University of Missouri

Third-down conversions flummox Missouri’s offense

Freshman quarterback Drew Lock is four of 21 for 41 yards on third down in the last two games, including the loss to Florida.
Freshman quarterback Drew Lock is four of 21 for 41 yards on third down in the last two games, including the loss to Florida. AP

Third down has proved particularly vexing for Missouri’s offense in back-to-back losses.

The Tigers, who lost to Florida 21-3 and at Georgia 9-6, are a combined three of 27 converting on third down in the last two games, a paltry 11.1 percent.

“It’s a combination of a lot of different things,” MU coach Gary Pinkel said. “We practice every third-down situation in every part of the field — the red zone, the plus-5. We practice those third downs and, in the past, we’ve been a pretty good third-down team. Right now, we’re struggling, and that’s a part of the whole offense.”

Missouri ranks 13th in the SEC in third-down conversions at 33.0 percent and averages 16.3 first downs per game, which is 3.4 fewer than any other team in the conference, but the struggles don’t necessarily start on third down.

“We have to do a better job with those first two downs …,” said senior center and captain Evan Boehm, a Lee’s Summit West graduate. “We have to be more efficient on first down and we have to be more efficient on second down to be more efficient on that third down to keep that ball rolling.”

Missouri faced third and goal at the Gators’ 3-yard line on the opening drive before settling for a field goal and never had fewer than 5 yards to go on any third down the rest of the game.

The Tigers finished the game one of 14 on third down, converting with 36 seconds left on a 12-yard run by Chase Abbington with the outcome decided.

Missouri went two of 13 on third down against the Bulldogs with both conversions coming on a field-goal drive to close the first half.

“We’ve been horrible …,” offensive coordinator Josh Henson said. “Again, it’s execution. I go through every one of those, and I grade them. OK, scheme? Does the play have a chance to work?”

He admitted that, against a good defense, there are bound to be two or three where “I could have put us in a better situation there,” Henson said. “The other 10 or 11, it’s just executing what we’ve got called.”

If there’s a silver lining, the average third-down distance dropped from 8.6 yards against Florida to 6.4 yards against Georgia.

“We’re working real hard at it,” Pinkel said. “I know sometimes it gets frustrating. Trust me, I know that, but we’ve been doing this a long time. Everybody’s got their role to try and get us through it.”
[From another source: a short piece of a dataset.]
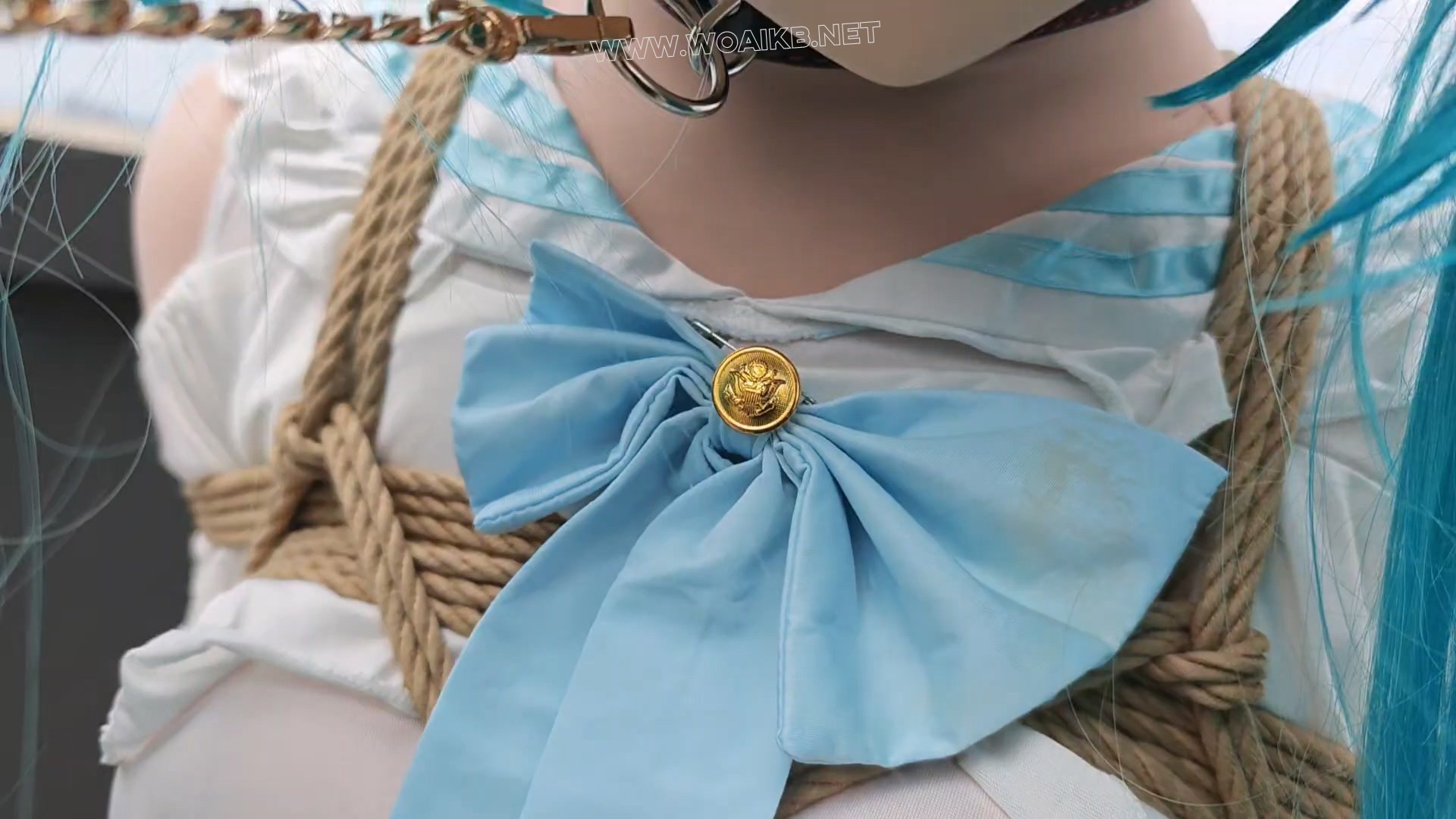 kigurumi捆绑调教~把初音绑到柱子上强制跪坐，紧缚，玩弄 预览图 14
Freshman quarterback Drew Lock is four of 21 for 41 yards on third down in the last two games after going five of nine for 35 yards in those situation in his first start against South Carolina, but he’s not solely to blame.

“There’s no question when this is my block, I’ve got to get the guy blocked,” Henson said. “When it’s my throw, I’ve got to make the throw. When this is my catch, I’m going to make the catch and I’m going to get open on this route and all those kind of things.”

Vanderbilt, which hosts Missouri at 3 p.m. Saturday in Nashville, boasts the best third-down defense in the SEC, allowing opponents to convert only 26.2 percent of the time.

It might be an uphill battle, but the Tigers know improved third-down efficiency could help the offense get untracked.

“We can’t get frustrated,” Henson said. “We’ve just got to stay positive in the face of a lot of adversity and a lot of negativity and keep going out and working hard. You have two choices. You can either do that or you can give up. ... We’re not going to do that. We’re not going to take the second choice. We’re going to fight.”

Pinkel also said more big plays, which would eliminate the need to consistently convert on third down to grind out long drives, are a priority as well.

“I really do believe at some point in time, and I’m hoping it’s this Saturday, we’re going to start clicking and we’re going to get some stuff to start hitting and we’re going to get going,” Henson said.